[[ Extracted information, beginning ]]

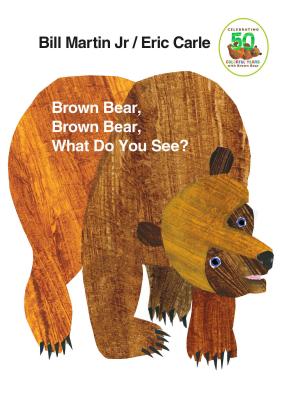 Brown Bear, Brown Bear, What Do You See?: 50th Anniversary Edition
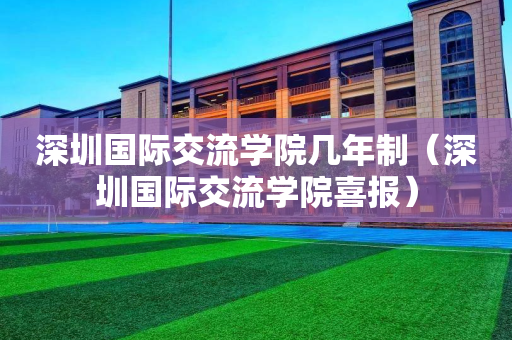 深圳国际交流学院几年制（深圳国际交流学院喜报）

[[ Extracted information, end ]]
[[ Extracted information, beginning ]]

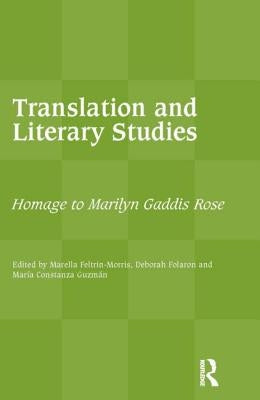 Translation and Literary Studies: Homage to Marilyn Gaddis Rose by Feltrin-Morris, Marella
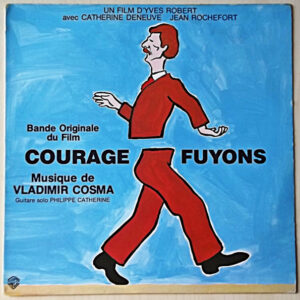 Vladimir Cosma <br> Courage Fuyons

[[ Extracted information, end ]]
[[ Extracted information, beginning ]]

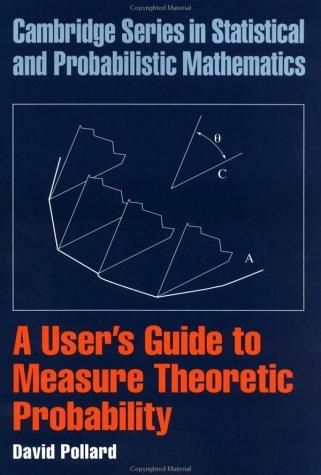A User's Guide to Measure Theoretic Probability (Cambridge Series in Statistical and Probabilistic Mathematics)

[[ Extracted information, end ]]

Problem to solve: A verbatim reproduction is expected: starting at the line above that has "Brown Bear, Brown", ending at the line that has "深圳国际交流学院几年制（深圳国际交流学院喜报）", both included, and with no pictures and no other lines.

Answer to the problem:
 Brown Bear, Brown Bear, What Do You See?: 50th Anniversary Edition
 深圳国际交流学院几年制（深圳国际交流学院喜报）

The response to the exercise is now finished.